The judge sentenced him to 28 years for murder, eight years for attempted murder, two years for possession of a firearm without a licence, two years for unlawful possession of ammunition and six months for malicious damage to property.
It was however ordered that the sentences on the arms and ammunition charges and the charge on the property damage run concurrent with the sentence on the attempted murder charge, leaving him with 36 years effectively. Should he be well-behaved while in custody he can see daylight again after serving two thirds of the total sentence.
According to Judge Usiku, the duty of a court is to consider all the factors relevant to sentencing, namely the personal circumstances of an accused, the crimes committed as well as the interests of society.

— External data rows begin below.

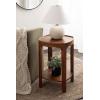 imageKate and Laurel Tierney Modern Square Wood Side Table 16 x 16 x 24 Walnut Brown MidCentury Decorative TwoTier End Table for Use as a Bedroom Nightstand or Living Room Plant StandWalnut Brown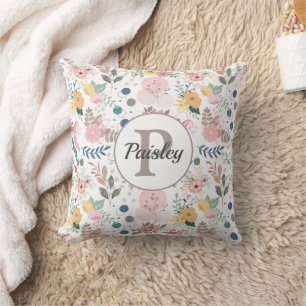 Elegantes farbiges Monogramm des Blumenblattes Kissen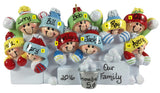 Snowball Fight Family of 10 - Made of Resin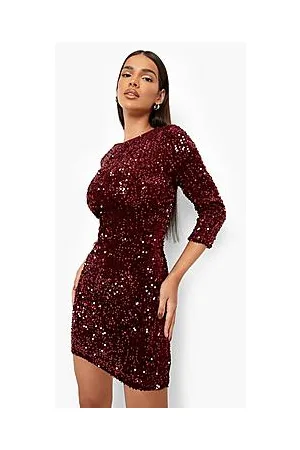 Boohoo Sequin Long Sleeve Bodycon Party Dress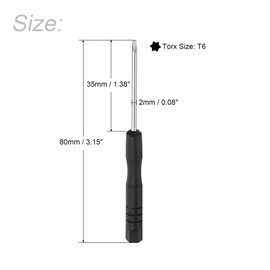 sourcing map Mini Torx Screwdriver T6 Star Head for Watches Glasses Electronics Repair Pack of 2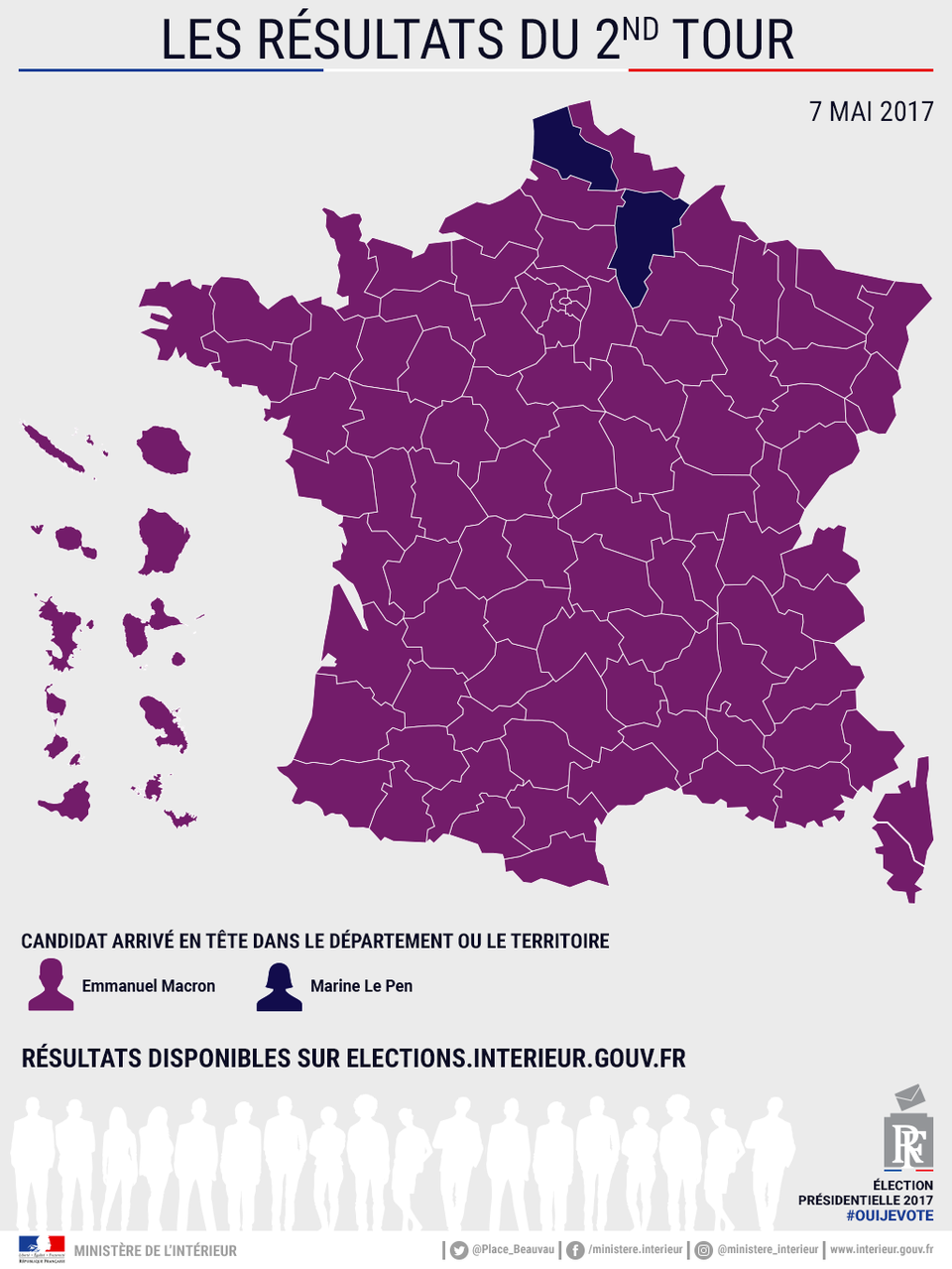 Carte des résultats du second tour de l'élection du président de la République 2017
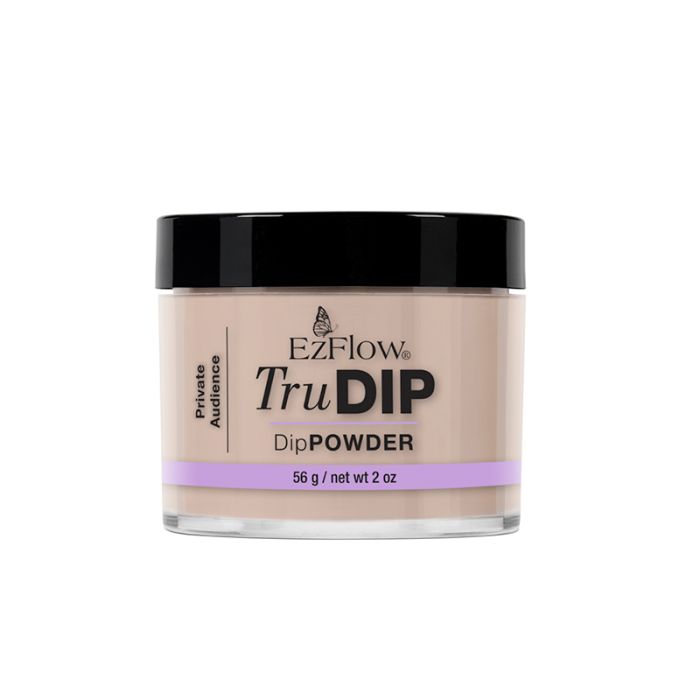 Forward facing 2 ounce transparent glass jar filled with EzFlow TruDIP Private Audience nail powder dip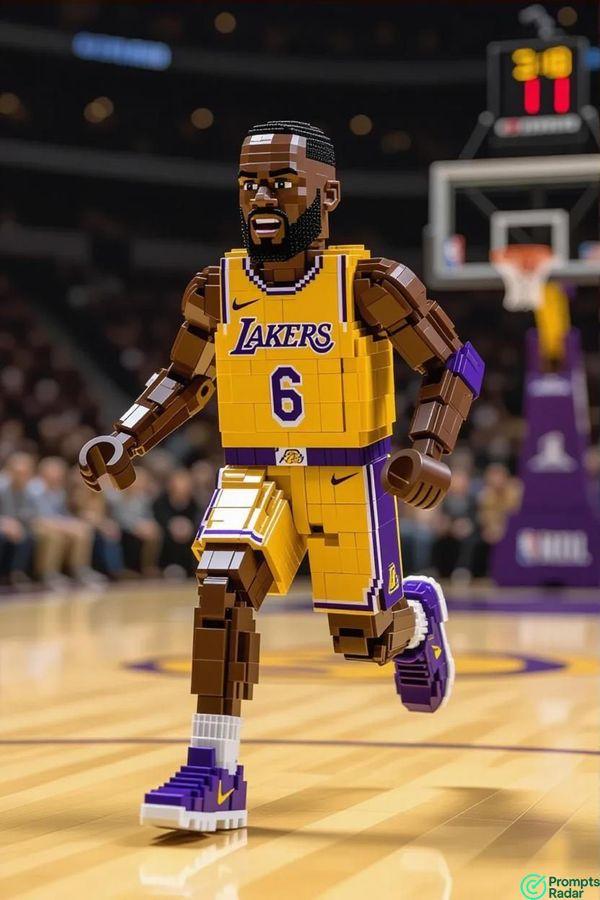 LEGO character in a basketball arena with a tiny ai prompt 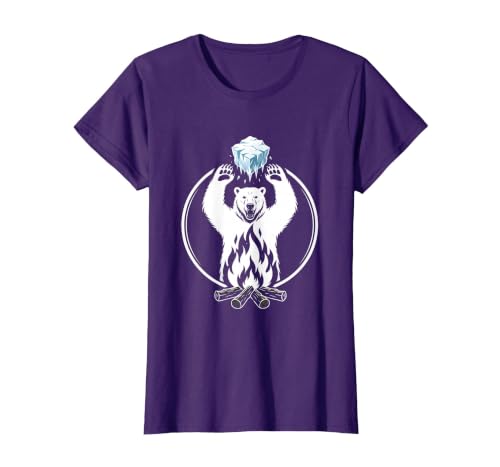 Mademark Polar Bear Throws Ice Into Fire Funny Design T-Shirt - size chart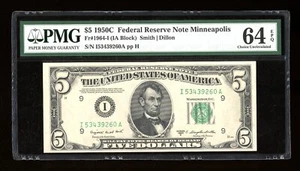 DBR 1950-C $5 FRN Minneapolis Fr. 1964-I PMG 64 EPQ Serial I53439260A - Picture 1 of 2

“The fact that accused is a first offender weighs in his favour,” the judge said, as well as the period he spent in custody waiting for his trial to be finalised. Furthermore, she said, the absence of real remorse on the part of the accused and the prevalence of the offences of murder and attempted murder are another aggravating factor and important to consider imposing sentences that will have a deterrent effect.
“Indeed, our country as a whole has experienced a wave of violent crimes and there is therefore a need to effectively combat such crimes, thus the emphasis has now changed from individualisation to deterrence, in particular where those who are charged with the duty to combat crimes are themselves committing crimes,” Judge Usiku stressed. She further said efforts by Aweseb to make amends for his deed such as offering to help with the deceased’s children’s education or towards the deceased’s tombstone only came at the eleventh hour which cast doubt on the sincerity of his gestures.
“It would have been taken more serious if he had made the offer known to the family soon after the death,” the judge said and continued: “In fact, to date, accused does not seem to have wholeheartedly accepted his unlawful conduct. In this premise I am not satisfied that he has shown remorse for what he has done. ‘’
The judge further said it is common knowledge that all crimes have harsh effects on society.
“What distinguishes domestic violence is its hidden, repetitive character and its unreasonable effects on our society and in particular on family life.” In this instance, the judge said, the offender was a person tasked with preventing crime, but who went beyond his powers and can be regarded as a danger to society that must be removed from society for a substantial time.